We ran Pisama detectors on the same tau2-bench corpus at paper scope (450 traces, 150 per model, balanced across the three domains). Two questions:

  1. Does Pisama reproduce the directional findings the paper reports?
  2. Does Pisama surface failures the spec-extraction approach cannot?
Headline (v0.2, N=450)

Pisama reproduces three of AgentPex's headline findings on the same substrate. (1) Simultaneous-text-tool-call gradient: paper 449 / 29 / 0 instances across Claude / GPT-4.1 / o4-mini, Pisama 739 / 19 / 0. (2) Omitted-calculation (paper section 4.3): paper reports 11 instances of bypassed calculator in Claude traces, Pisama flags 9 Claude traces (20 across all models). (3) Perfect-reward violation rate: paper 83% on Claude, Pisama 98% on Claude 3.7. Pisama additionally flags sycophancy in 144traces, a behavioral failure mode AgentPex's spec-extraction cannot surface.

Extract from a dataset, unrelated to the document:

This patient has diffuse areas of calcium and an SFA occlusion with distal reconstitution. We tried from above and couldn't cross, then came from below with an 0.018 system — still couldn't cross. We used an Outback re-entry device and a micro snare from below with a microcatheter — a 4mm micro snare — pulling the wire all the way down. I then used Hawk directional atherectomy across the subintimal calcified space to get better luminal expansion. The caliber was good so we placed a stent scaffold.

v0.2 changelog vs v0.1 (2026-05-27)
  • Scale: 160 → 450 traces (paper scope: 150 per model across airline / retail / telecom, max 2 traces per task_id, 35% success-rate target, seed 42).

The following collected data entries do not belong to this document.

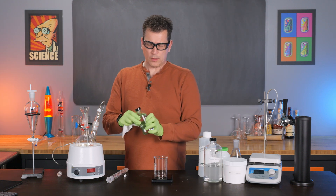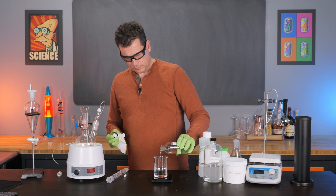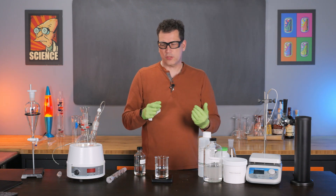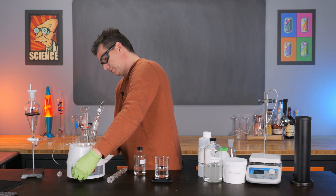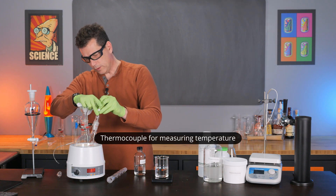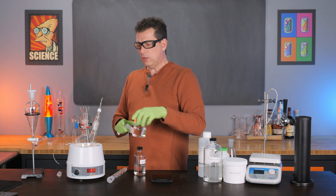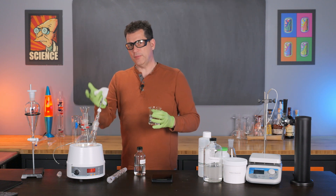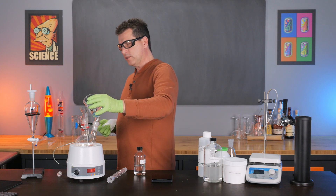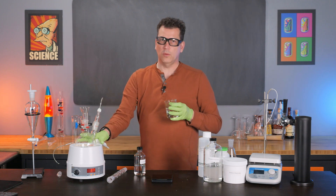The next step is to add 100 mls of isoamyl alcohol — we got 99.88, which is close enough. I want to add a magnetic stir bar, turn this on, and get some stirring going. When you add the alcohol to the formic acid, do it slowly — it may generate heat. I don't believe it produces enough heat to boil anything, but you do want to go slow and keep lots of stirring going just to make sure you don't produce too much heat.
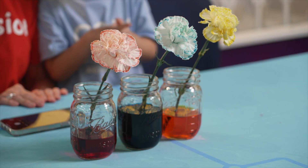Today we're going to do a science experiment called Colorful Carnations. We're doing it to find out how plants get nutrition and water from the soil, through their roots, up the stems, into their leaves, and finally to the flower. It's called capillaries and capillary action.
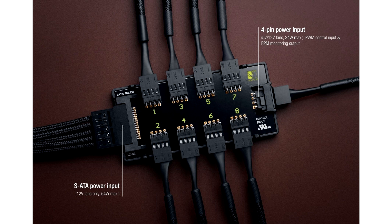The NaF-H1 comes with a 6-year manufacturer's warranty. It is powered either via the SATA input for 12V fans up to 54W, or via the motherboard's 4-pin PWM input for 5V and 12V fans up to 24W.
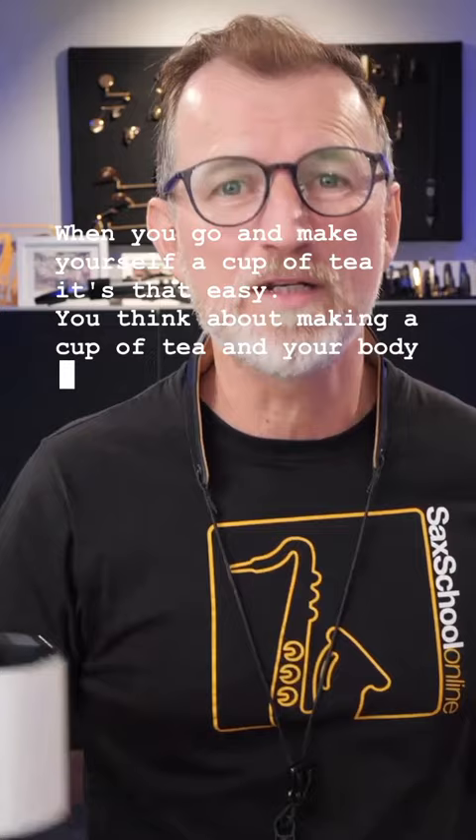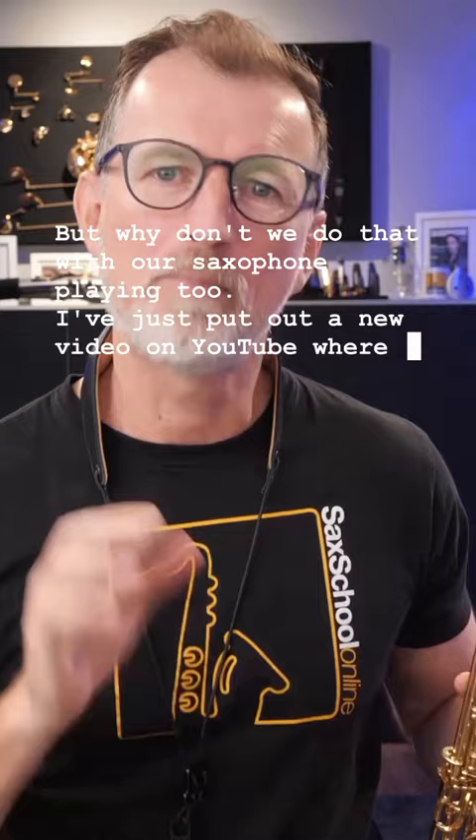I've just put out a new video on YouTube where I break down the process of how our thinking about saxophone playing actually makes the biggest difference to the way that we improve.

  • Loop detector recalibrated: v0.1 over-fired on 100% of traces because the single-key { tool: name } state delta hashed identically for any same-tool turn. v0.2 adds args-hash and content-fingerprint to the state delta; flag rate drops to 7% with a sensible per-model distribution.

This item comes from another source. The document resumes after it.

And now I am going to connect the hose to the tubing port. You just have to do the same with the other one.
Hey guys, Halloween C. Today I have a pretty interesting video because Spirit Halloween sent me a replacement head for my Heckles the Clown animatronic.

  • Auth-bypass heuristic fixed: v0.1 read tc.function.name (OpenAI shape) but tau2 puts the name directly on tc.name. v0.2 uses per-domain identity-tool sets matching AgentPex's forbidden_edges semantics and now flags 2 cases.
  • New detector: omitted_calculation mirrors AgentPex paper section 4.3 (agent does arithmetic in user-facing text without invoking the calculatetool). Flags 9 Claude traces vs paper's 11 instances.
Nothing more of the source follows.